===== Data =====

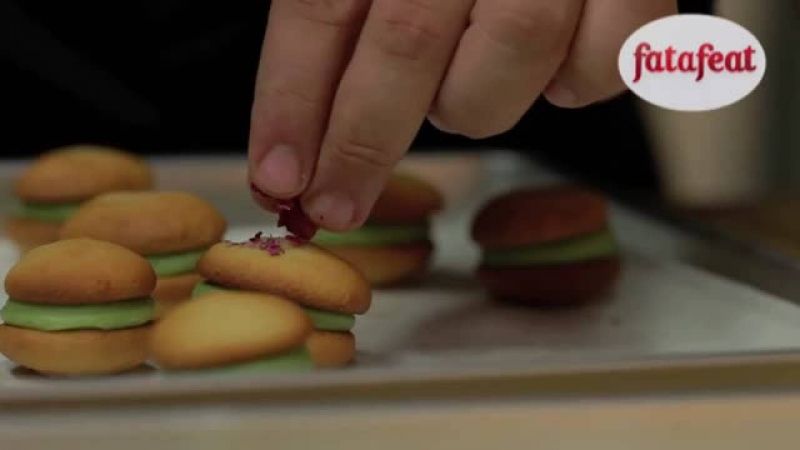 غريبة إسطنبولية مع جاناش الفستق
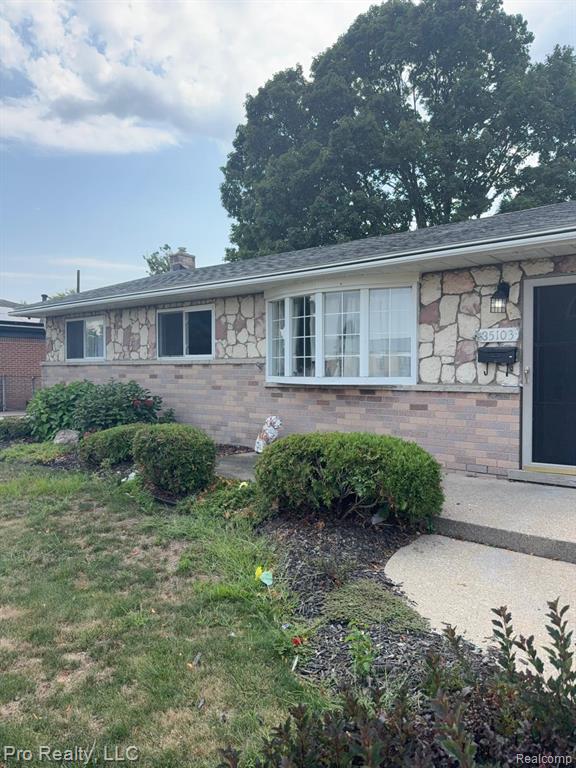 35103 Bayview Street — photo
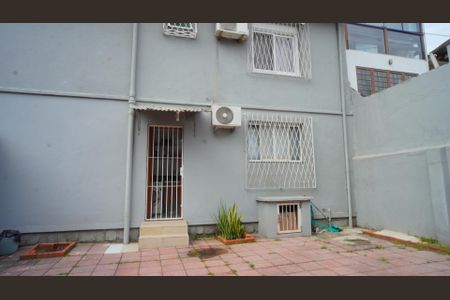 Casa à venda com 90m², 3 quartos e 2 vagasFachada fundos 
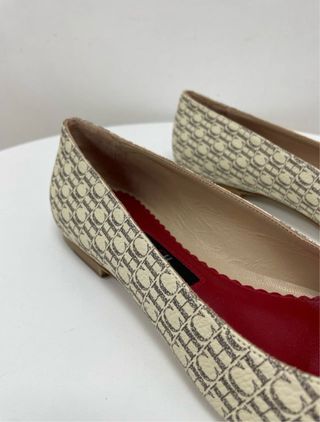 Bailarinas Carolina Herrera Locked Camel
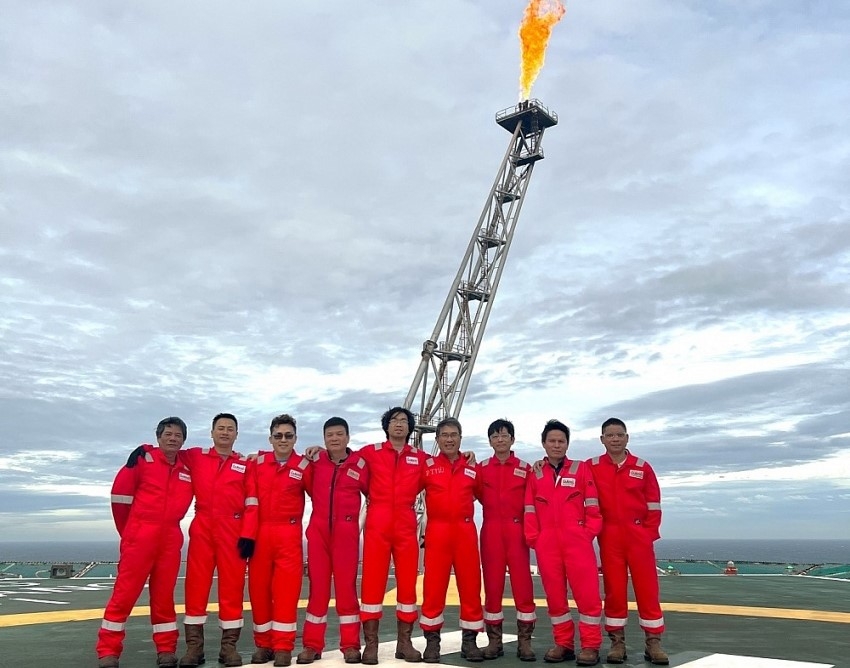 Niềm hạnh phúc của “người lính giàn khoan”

=====
===== Data =====

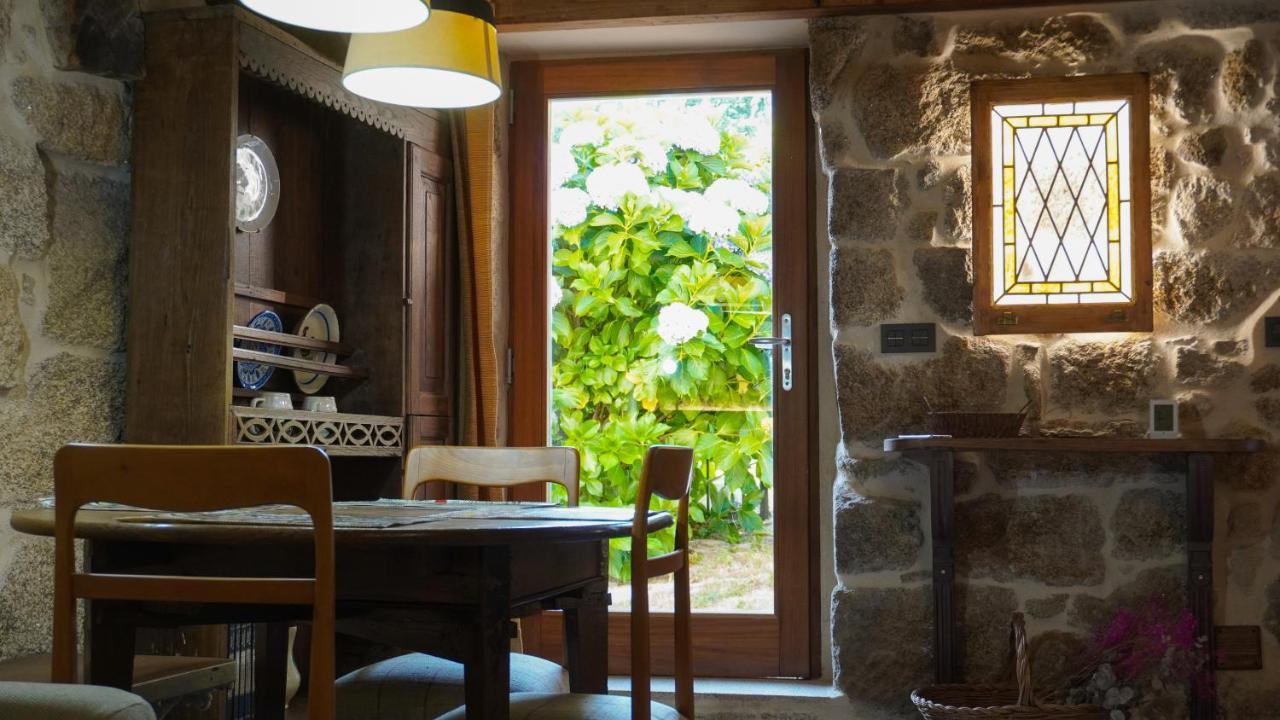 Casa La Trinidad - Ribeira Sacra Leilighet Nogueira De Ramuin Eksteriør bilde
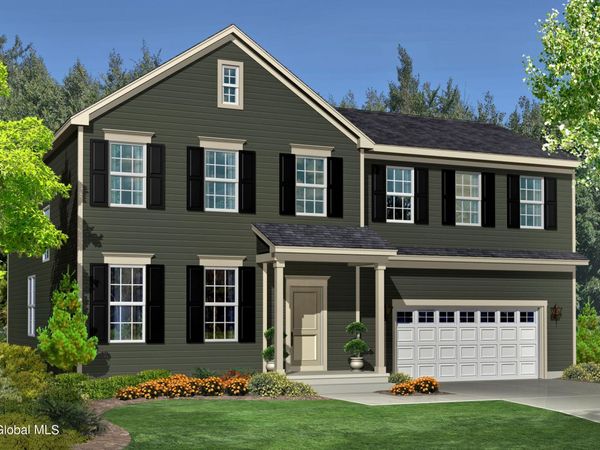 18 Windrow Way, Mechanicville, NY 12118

=====

Above are some entries; copy exactly the lines from the line with "غريبة إسطنبولية مع جاناش الفستق" through the line with "Niềm hạnh phúc", both included, but none of the pictures.

Written solution:
 غريبة إسطنبولية مع جاناش الفستق
 35103 Bayview Street — photo
 Casa à venda com 90m², 3 quartos e 2 vagasFachada fundos 
 Bailarinas Carolina Herrera Locked Camel
 Niềm hạnh phúc của “người lính giàn khoan”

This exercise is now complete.